*PROBLEM DETAILS*:
Output all of the lines below exactly, and leave out each image.

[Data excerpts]
+++

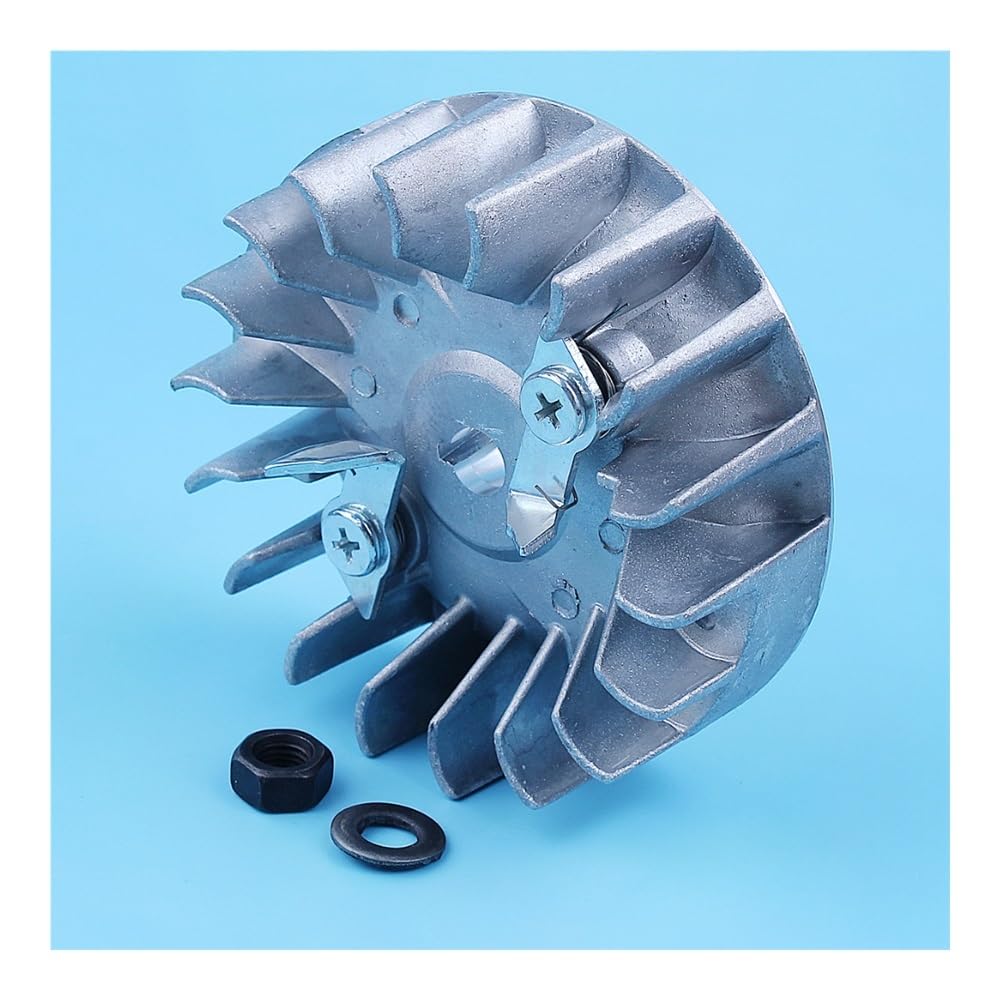 Kit écrous de volant moteur de tronçonneuse 345 350 pour entretien forestier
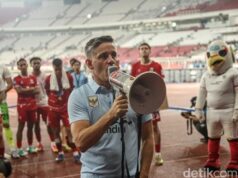 Herdman dan Ambisi Indonesia Pecahkan Kutukan Runner-up di Piala AFF 2026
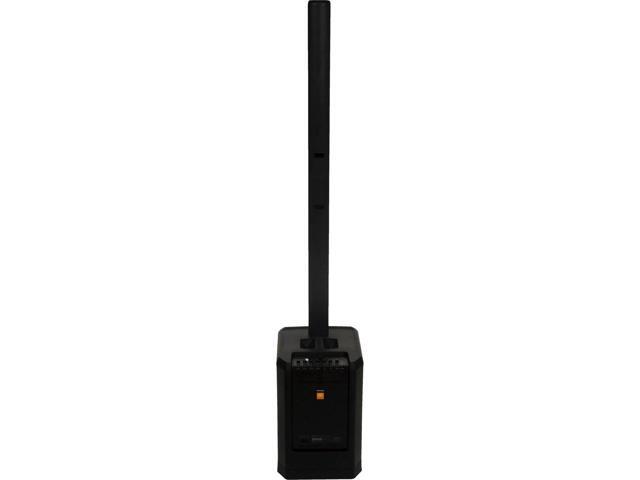 JBL - PRX ONE All-In-One Powered Column PA Speaker with 7 Channel Mixer and DSP - Black - image 8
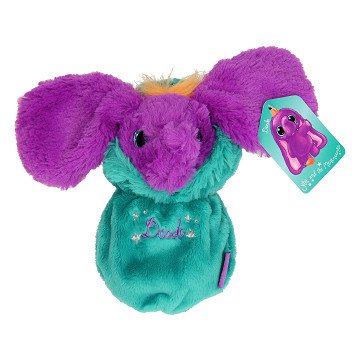 Ylvi & the Minimoomis Cuddle in Sleeping Bag Doodo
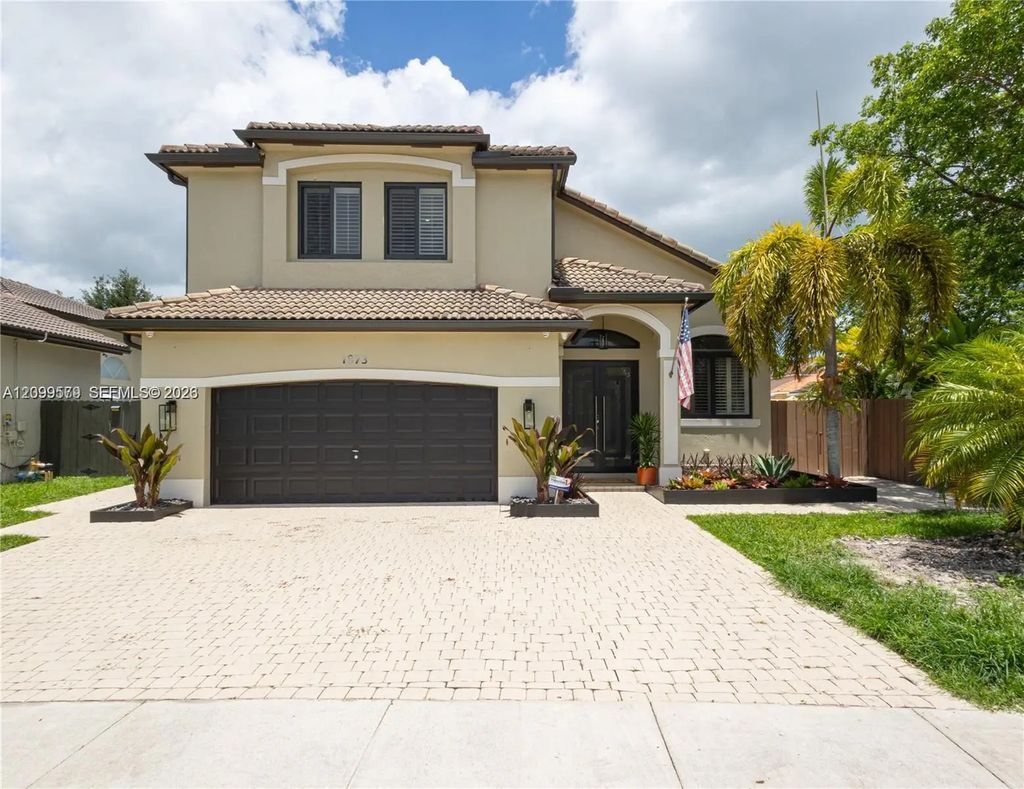 1873 Se 20th Terrace, Homestead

+++

*WRITTEN ANSWER*:
 Kit écrous de volant moteur de tronçonneuse 345 350 pour entretien forestier
 Herdman dan Ambisi Indonesia Pecahkan Kutukan Runner-up di Piala AFF 2026
 JBL - PRX ONE All-In-One Powered Column PA Speaker with 7 Channel Mixer and DSP - Black - image 8
 Ylvi & the Minimoomis Cuddle in Sleeping Bag Doodo
 1873 Se 20th Terrace, Homestead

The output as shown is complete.